• **DATASET EXTRACT**
- - -

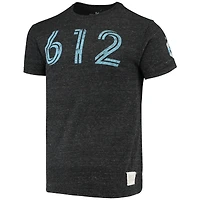 Men's Original Retro Brand Heathered Black Minnesota United FC Area Code Tri-Blend T-Shirt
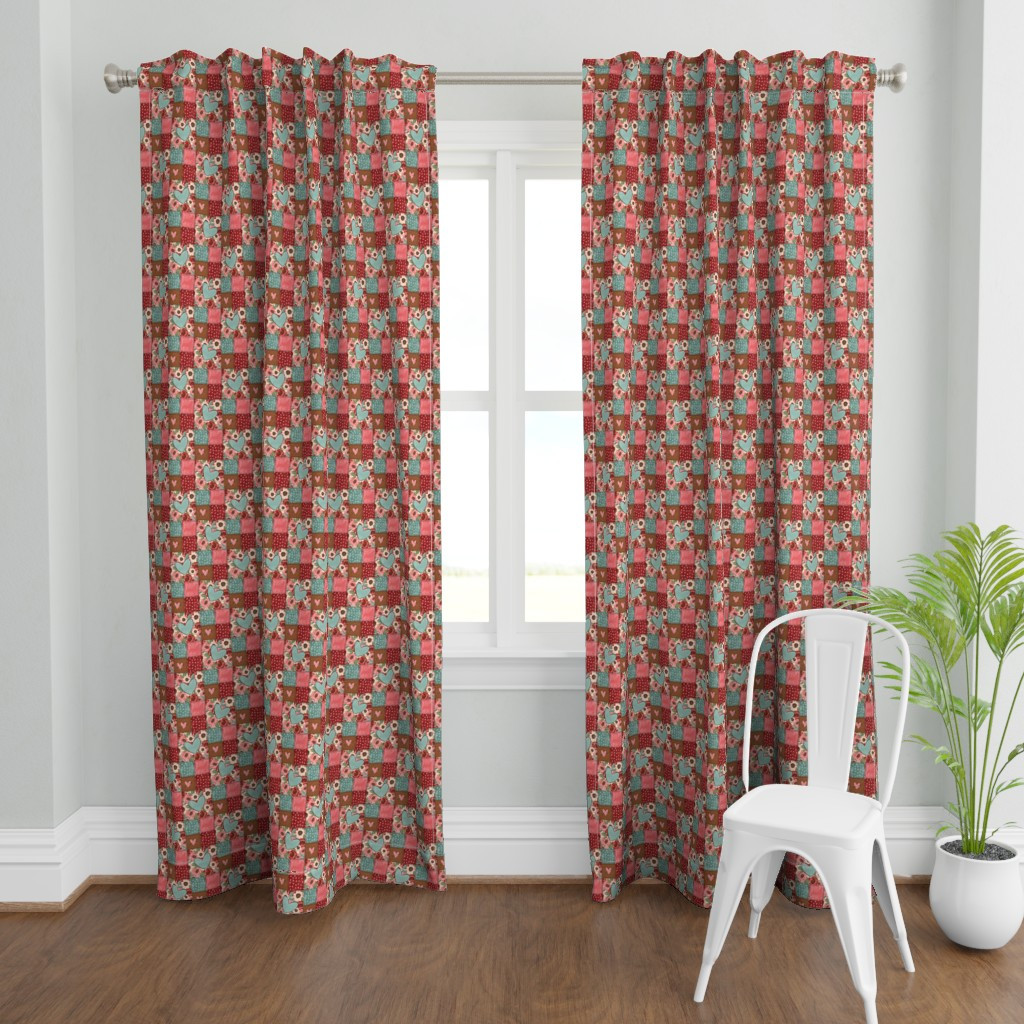 Curtain in Valentine Hearts Patchwork Quilt | Spoonflower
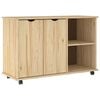 vidaXL Плъзгащ кабинет с колело Кафяво 100 x 39 x 65,5 см Солиден бор
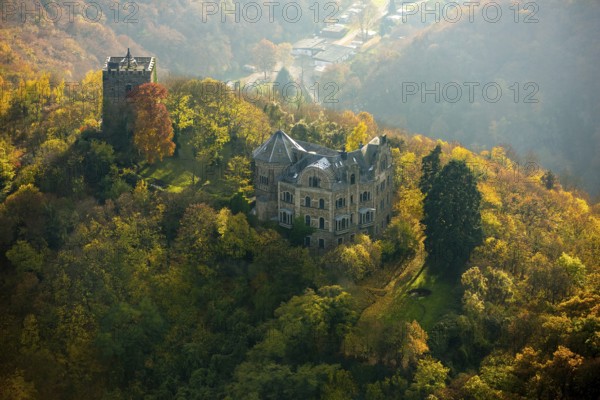 Rheineck Castle in the Rhine Valley, Rhine, autumn foliage, Bad Breisig, Ahrweiler district, Rhineland-Palatinate, Germany, Europe, aerial view, birds-eyes view, aerial photography, aerial photography, overview, bird's eye view, spa town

- - -

Each line from the one that holds "Curtain in Valentine" through the end of the material should be repeated exactly, and nothing more. Leave out any picture.

• **EXERCISE RESPONSE**
 Curtain in Valentine Hearts Patchwork Quilt | Spoonflower
 vidaXL Плъзгащ кабинет с колело Кафяво 100 x 39 x 65,5 см Солиден бор
 Rheineck Castle in the Rhine Valley, Rhine, autumn foliage, Bad Breisig, Ahrweiler district, Rhineland-Palatinate, Germany, Europe, aerial view, birds-eyes view, aerial photography, aerial photography, overview, bird's eye view, spa town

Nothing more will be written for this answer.